*** DATA TO USE ***

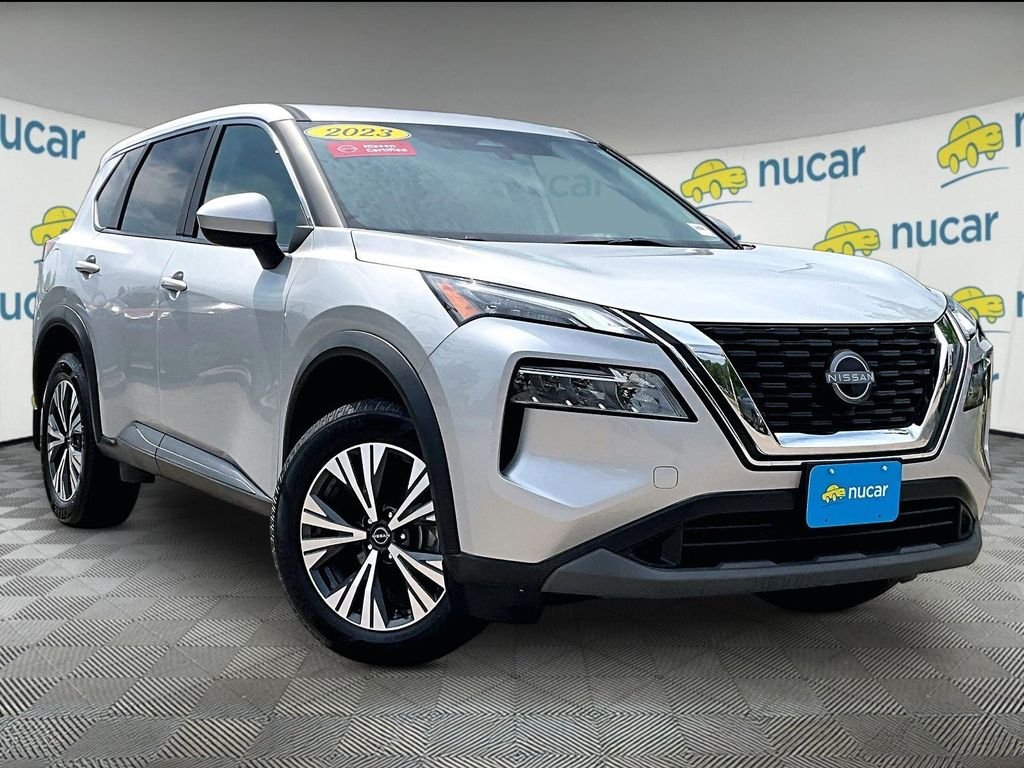 Used 2023 Silver Nissan SV image 1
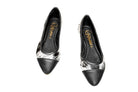 Mia Cowhide Ballerina Flats – Handmade Hair-on Hide Shoes - Size 6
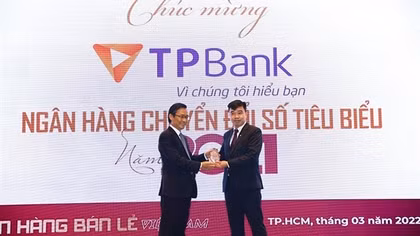 “Ngân hàng số và Hệ sinh thái số tốt nhất Việt Nam” được The Asian Banker trao cho TPBank
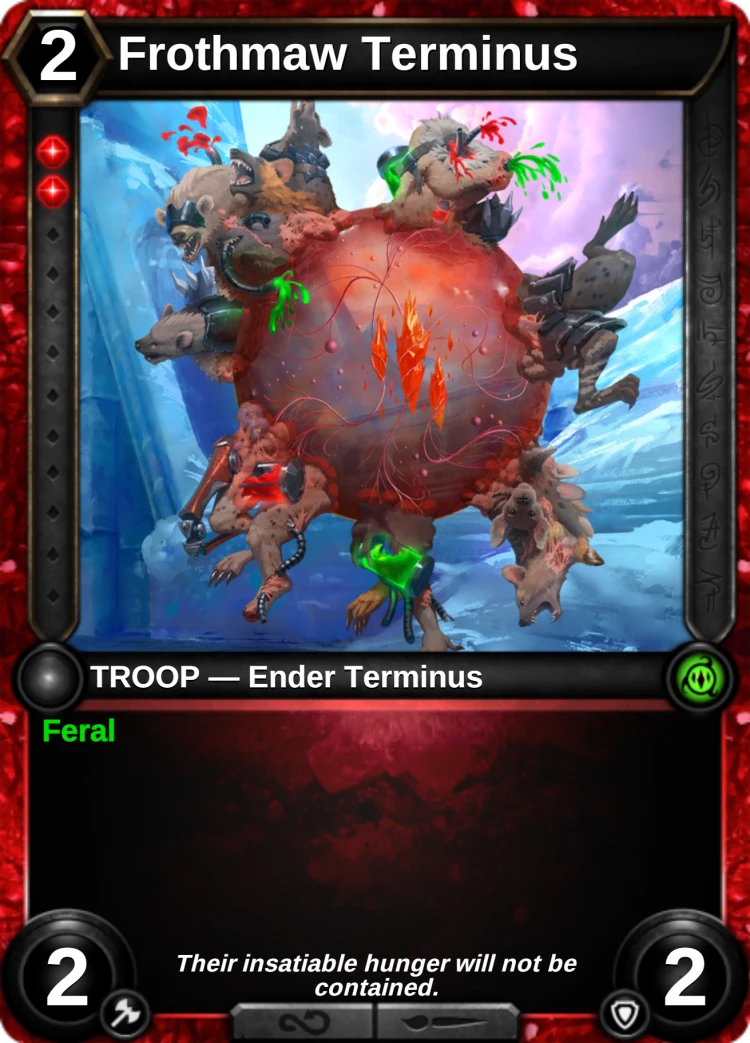 Frothmaw Terminus: the card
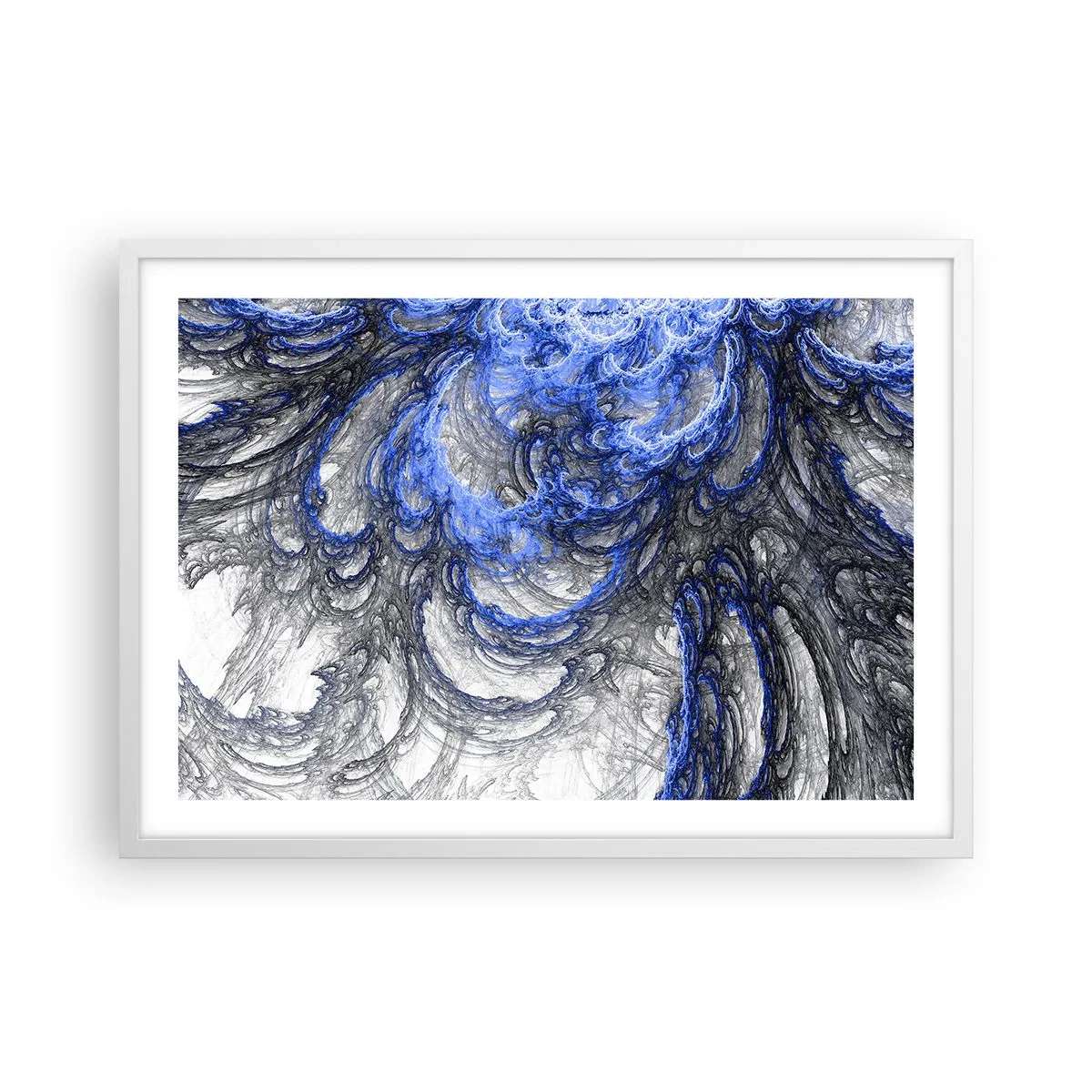 Poszter fekete keretben - Egy hullám születése - 70x50 cm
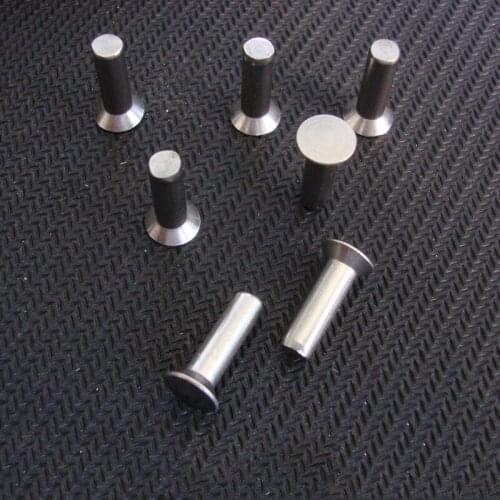 10pcs M5 stainless steel countersunk head solid rivet flat head rivets home decoration bolts 18mm-40mm length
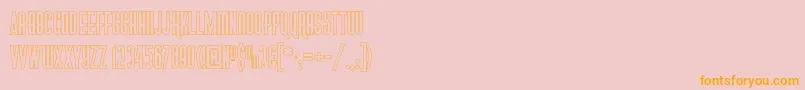 GoticaModernaKkOutlineV1.1 Font – Orange Fonts on Pink Background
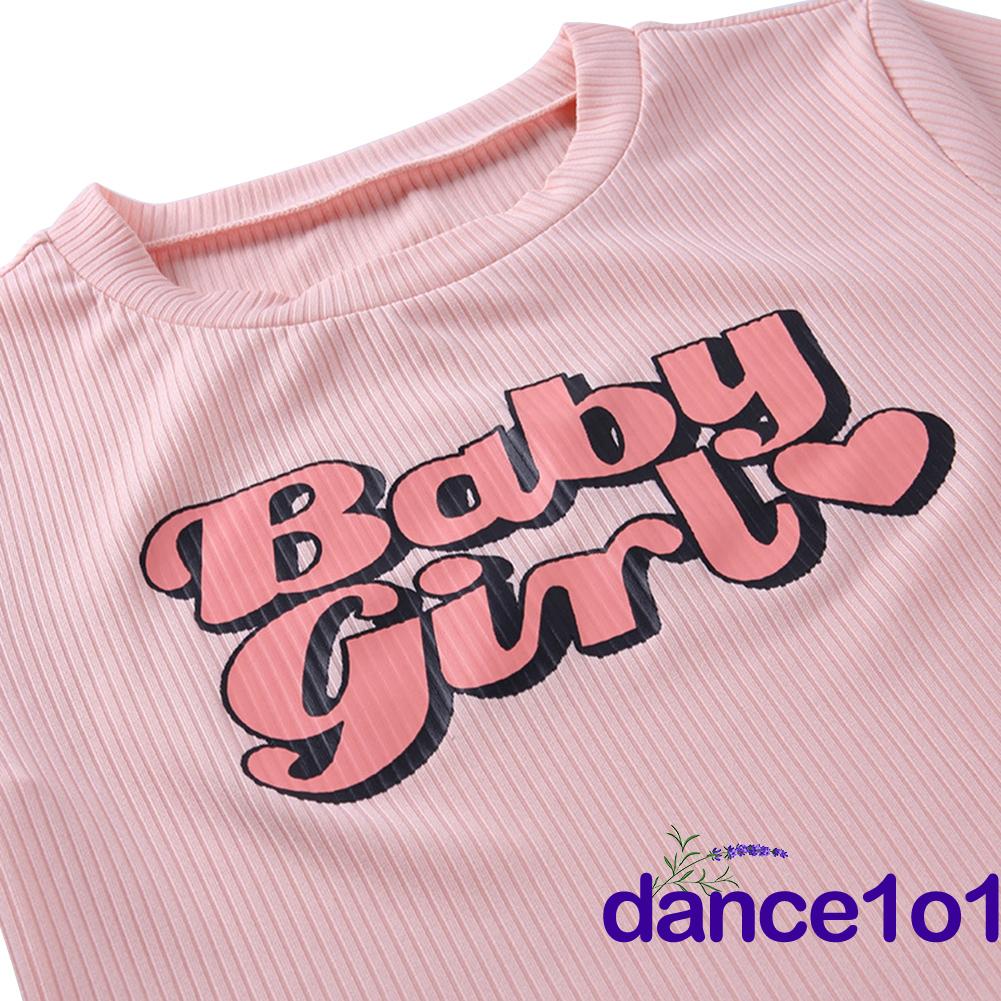 Áo croptop ngắn tay cổ tròn in chữ đáng yêu thời trang cho nữ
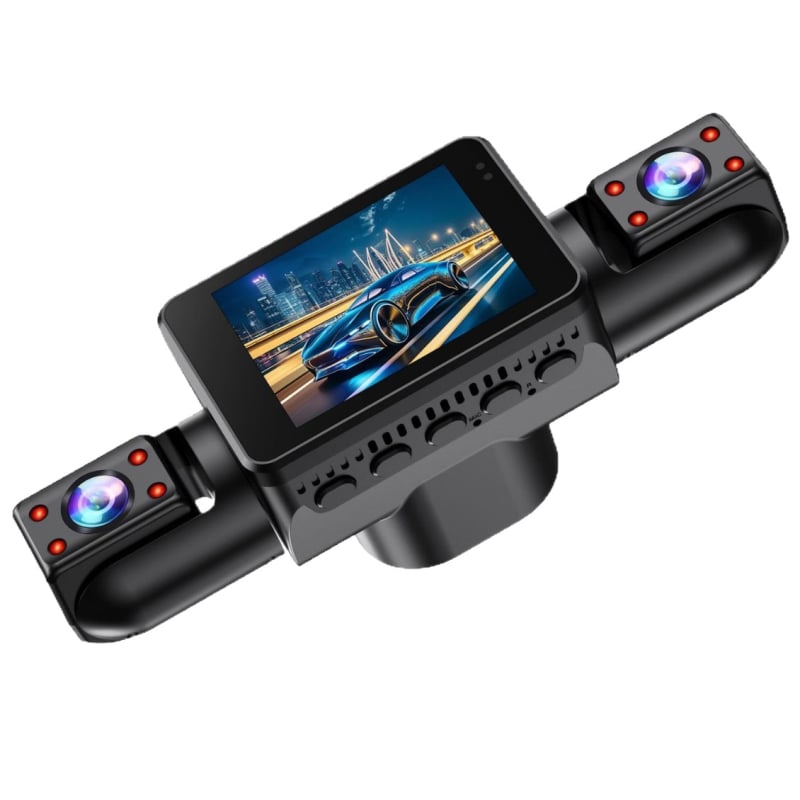 Κάμερα οδήγησης Ultra HD με νυχτερινή όραση, 360° πανοραμική προβολή, τετραπλοί φακοί και φωνητικός έλεγχος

*** End of DATA TO USE ***

#### [WORK TO BE COMPLETED]
Your task is to repeat the entries above exactly, omitting the pictures.

#### [ANSWER TO THIS TASK]
 Used 2023 Silver Nissan SV image 1
 Mia Cowhide Ballerina Flats – Handmade Hair-on Hide Shoes - Size 6
 “Ngân hàng số và Hệ sinh thái số tốt nhất Việt Nam” được The Asian Banker trao cho TPBank
 Frothmaw Terminus: the card
 Poszter fekete keretben - Egy hullám születése - 70x50 cm
 10pcs M5 stainless steel countersunk head solid rivet flat head rivets home decoration bolts 18mm-40mm length
 GoticaModernaKkOutlineV1.1 Font – Orange Fonts on Pink Background
 Áo croptop ngắn tay cổ tròn in chữ đáng yêu thời trang cho nữ
 Κάμερα οδήγησης Ultra HD με νυχτερινή όραση, 360° πανοραμική προβολή, τετραπλοί φακοί και φωνητικός έλεγχος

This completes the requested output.